Pria itu mengerjapkan mata. Entah berapa puluh ribu dollar nyonya Eve mengeluarkan uang untuk mencari informasi sampai sedetail itu.

"Apa rahasiaku?"

Laura terdiam, menatap pria itu dari atas sampai ke bawah, kemudian melangkah dengan elegan. Laura tersenyum miring.

"Rahasiamu? kau tidak punya rahasia karena kau tidak pernah berbagi rahasiamu denganku."

Pria itu melangkah mundur, merasa kalah. Jawaban Laura benar. Dalam kondisi genting seperti itu, untung saja Laura melihat tangan pria itu baik baik. Pria itu mempunyai bekas sayatan di tangan kirinya yang terlihat samar, hampir tertutupi lengan sweater. Dia menyimpan semua bebannya sendirian.

"Maafkan temanku atas semua keributan ini." Laura menundukkan kepalanya sejenak, sembari tersenyum lembut. Dia totalitas menjadi Alena.

"Kalau begitu mari kita lanjutkan doa pemberkatan," kata pendeta diujung sana.

Laura mengangguk dan nyonya Eve menghembuskan nafas lega di kursi duduknya, menggenggam tangan suaminya.

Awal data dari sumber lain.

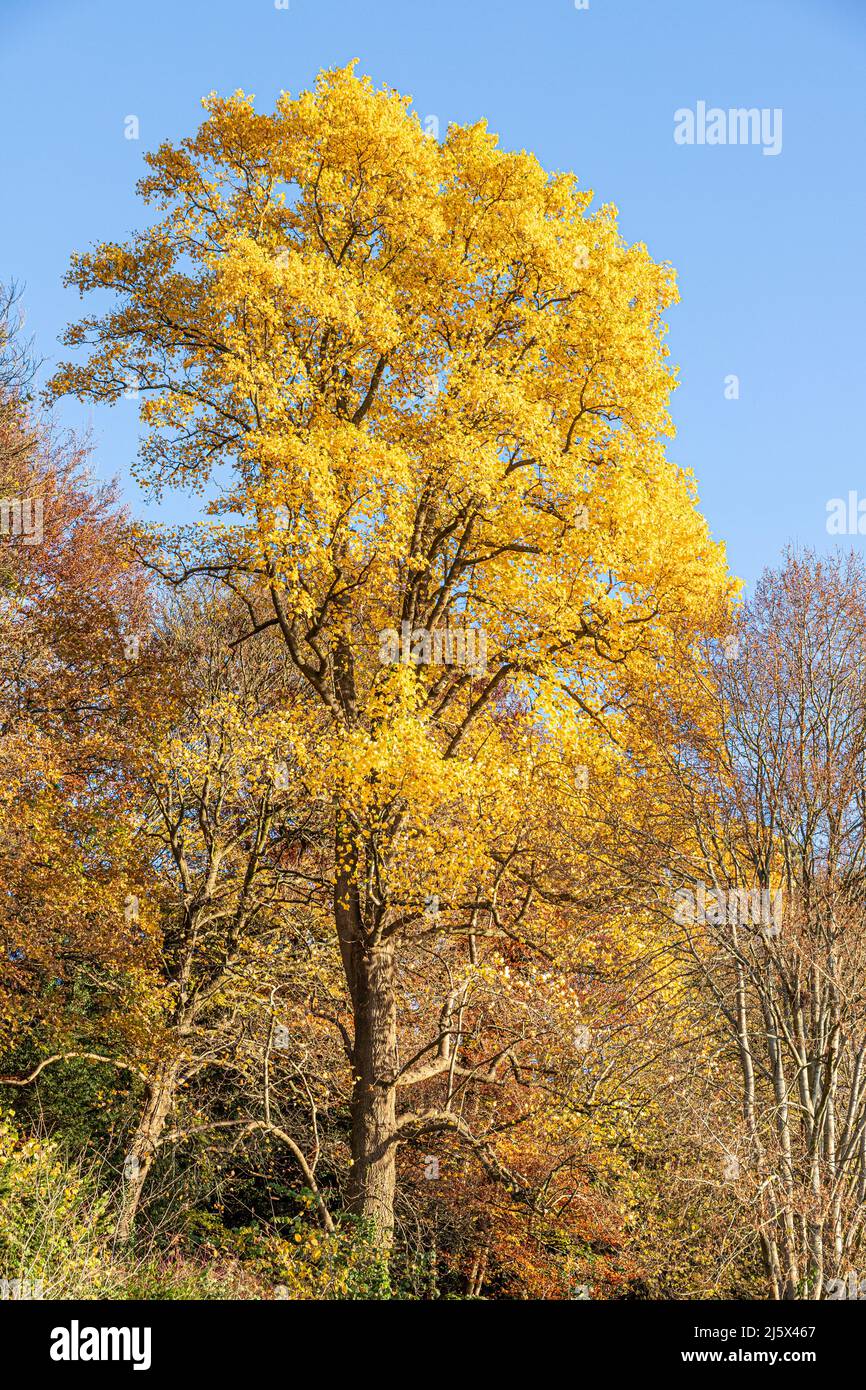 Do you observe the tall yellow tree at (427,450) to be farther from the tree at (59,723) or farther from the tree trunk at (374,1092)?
the tree at (59,723)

Akhirnya pernikahan berjalan dengan semestinya.

***

"King siapa yang akan mandi lebih dulu. Kau dulu atau aku?"

Laura duduk di pinggir ranjang melepas manik manik dan menyimpannya di nakas. Kini mereka di kamar khusus yang disiapkan nyonya Eve.

"King apa yang kau lakukan?" tiba tiba King mendorongnya.

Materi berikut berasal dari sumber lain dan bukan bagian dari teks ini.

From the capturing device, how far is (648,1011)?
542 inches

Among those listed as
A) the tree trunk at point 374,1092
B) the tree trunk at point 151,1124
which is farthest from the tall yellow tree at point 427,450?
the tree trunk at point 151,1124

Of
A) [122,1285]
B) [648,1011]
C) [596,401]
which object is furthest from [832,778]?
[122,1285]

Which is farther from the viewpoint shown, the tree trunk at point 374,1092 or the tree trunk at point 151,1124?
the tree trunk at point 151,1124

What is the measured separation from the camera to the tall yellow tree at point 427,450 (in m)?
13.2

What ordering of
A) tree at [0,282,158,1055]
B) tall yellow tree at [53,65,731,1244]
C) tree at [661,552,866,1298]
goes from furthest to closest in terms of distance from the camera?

Menyudutkan Laura díkepala ranjang. Entah sejak kapan pria itu keluar dari kursi roda dan duduk di kasur. Tapi yang pasti matanya kini menyala nyala.

"Siapa kau sebenarnya?" tanyanya dengan suara berat dan dalam. Kedua tangannya mengungkit Laura.

"Tentu saja Alena." Perempuan itu berkali kali merapalkan mantra agar tetap menjaga ketenangan. Kini dia memasang wajah pura pura tersinggung.

"Heoll, apakah kau juga meragukanku?" Laura mengibaskan rambutnya. Namun, King semakin menekan bahunya.

"Buktikan!"

"Apa?"

"Buktikan kalau kau adalah Alena."

"Baiklah .." Laura berdehem.

"Kau ingat saat kita pertama bertemu? Kau menjadikanku model pakaian yang diproduksi perusahaanmu. Kau dingin sekali saat itu." Sebenarnya Nyonya Eve tidak menceritakan detailnya bagaimana ekspresi King saat itu. Laura hanya menebak. Tapi sepertinya tebakan dia benar, King menganggukkan kepalanya.

"Namun aku justru menyukaimu. Tidak tahu kenapa kenapa saat bagaimanapun kau selalu terlihat keren. Tapi bukan itu yang membuatku tergila gila padamu. Pertama kalinya aku menyukaimu saat kau datang ke panti beberapa tahun silam. Kau berdiri disamping ayahmu menjadi donasi. Sejak saat itulah aku tidak bisa berhenti memikirkanmu. Ya ampun siapa pria dengan jas kecil itu yang membawa robot iron man? Kemudian beberapa tahun setelahnya kau juga datang. Saat itulah aku tahu namamu. Tapi sayangnya aku tidak bisa mendekat--"

"Kiss me."

"What?" Laura mengerutkan kening.

"Kenapa?" King memiringkan kepalanya. Pria itu tersenyum miring.

"Jika benar kau Alena, kau pasti tahu bagaimana cara memainkan bibirmu, bukan? Kau tahu, itu keahlian privasi kita." King berbisik tepat ditelinga.

Laura mengigit bibirnya, gelagapan. Dia mungkin bisa menghafal ribuan teks yang diberikan nyonya Eve. Tapi untuk yang satu ini, bibirnya tidak punya pengalaman kiss.